<<<<

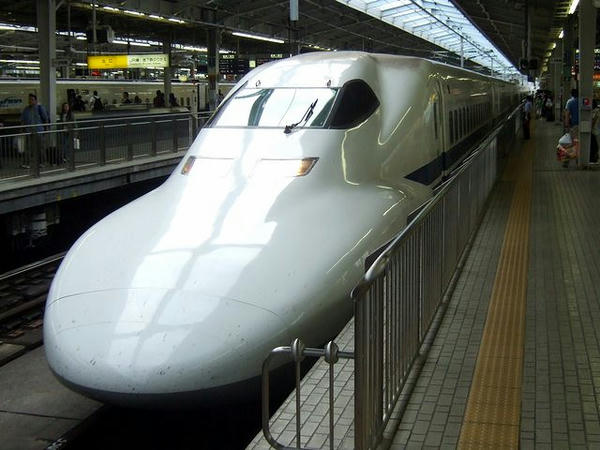 新大阪駅に入線するこだま674号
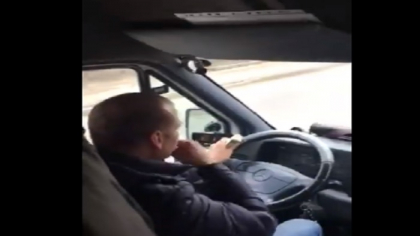 La volan, ca la cinema. Un sofer de microbuz, surprins uitandu-se la film in timp ce conducea pe strazile din capitala - VIDEO La volan, ca la cinema. Un sofer de microbuz, surprins uitandu-se la film in timp ce conducea pe strazile din capitala - VIDEO
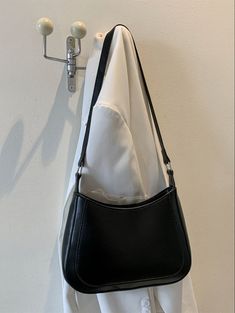 Simple Black Purse, Small Hand Bags For Women, Black Bags Women, Minimalist Black Hobo Bag, Cute Black Purse, Bag With Outfit, Cute Purses Handbags, Simple Black Bag, Black Bag Outfit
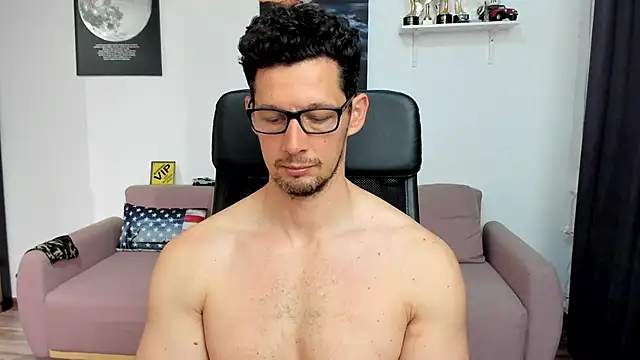 BrutusK08 Webcam show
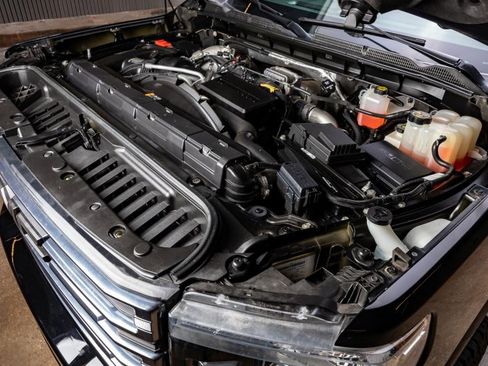 Used 2022 GMC Sierra 2500 AT4 image 13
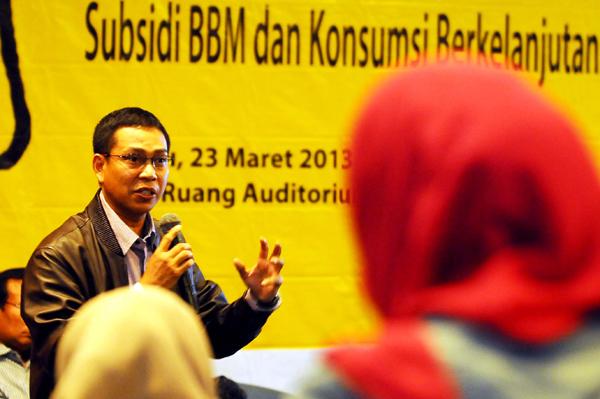  FOTO: Diskusi Panel Bahas Kebijakan Subsidi BBM di ITB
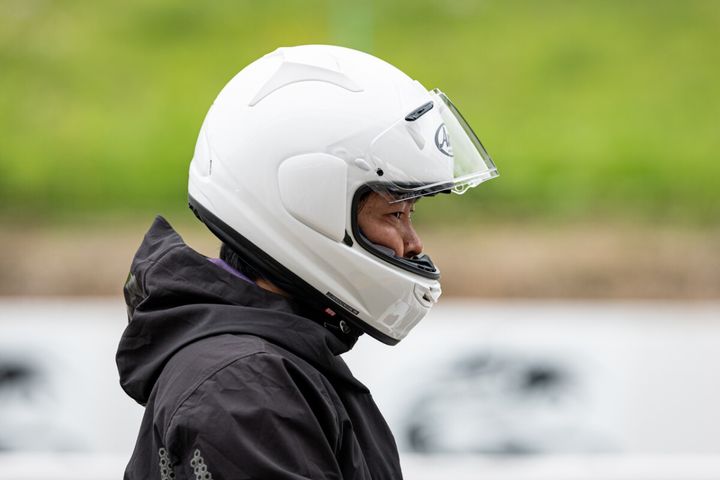 【アライ】新作フルフェイス「X-SNC」が9月上旬発売！RX-7X直系の安全性と“風量5倍”の圧倒的通気性能をサーキットで体感インプレ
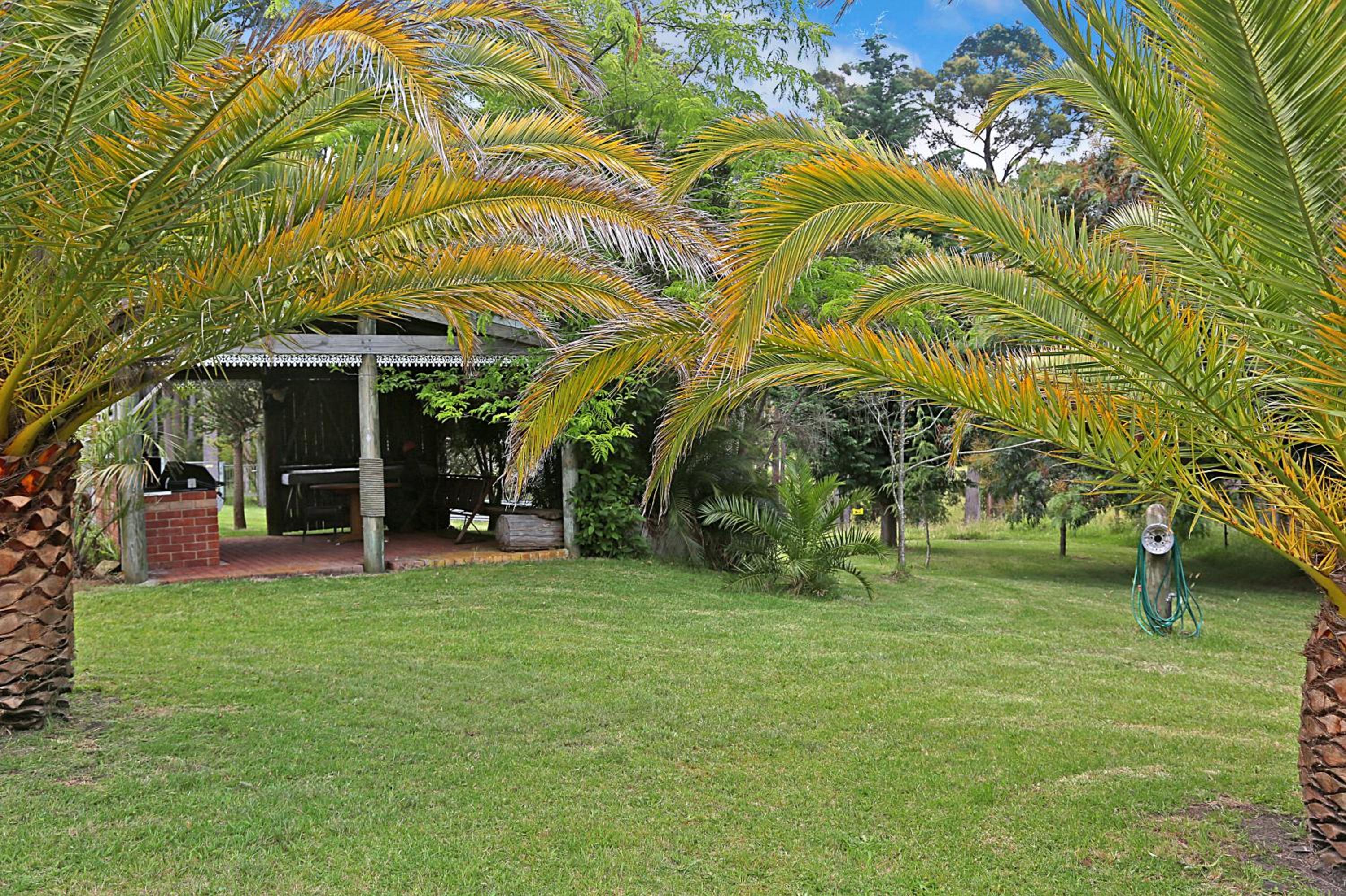 Farm Stay & Iconic Water Views - 32 Zachary Drive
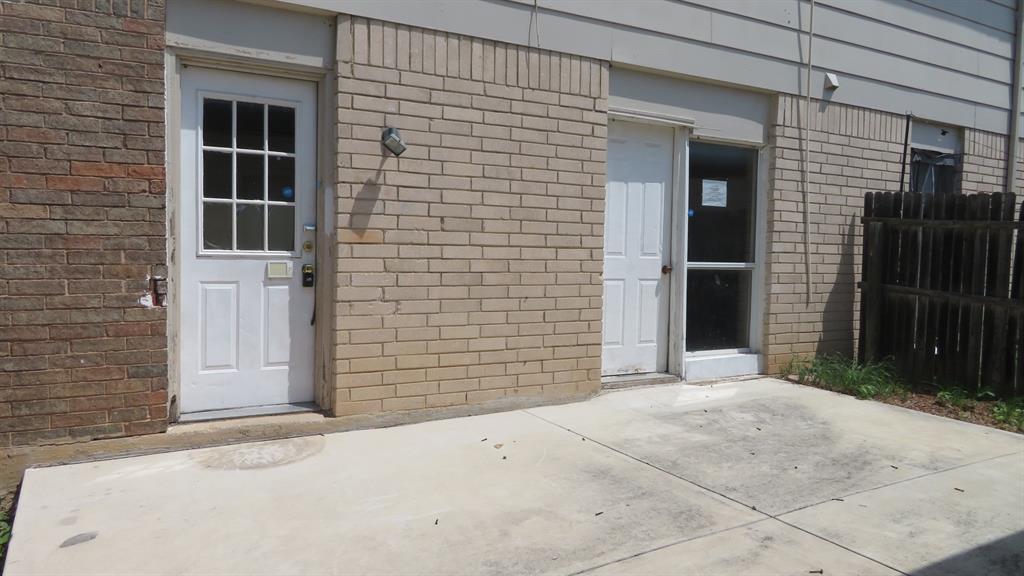 Mountain Creek Twnhs - Residential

>>>>

■ Task item
The lines from the one containing "BrutusK08 Webcam show" through the last line of the entries are to be copied exactly, both ends included, and the pictures are to be omitted.

■ Exercise solution
 BrutusK08 Webcam show
 Used 2022 GMC Sierra 2500 AT4 image 13
  FOTO: Diskusi Panel Bahas Kebijakan Subsidi BBM di ITB
 【アライ】新作フルフェイス「X-SNC」が9月上旬発売！RX-7X直系の安全性と“風量5倍”の圧倒的通気性能をサーキットで体感インプレ
 Farm Stay & Iconic Water Views - 32 Zachary Drive
 Mountain Creek Twnhs - Residential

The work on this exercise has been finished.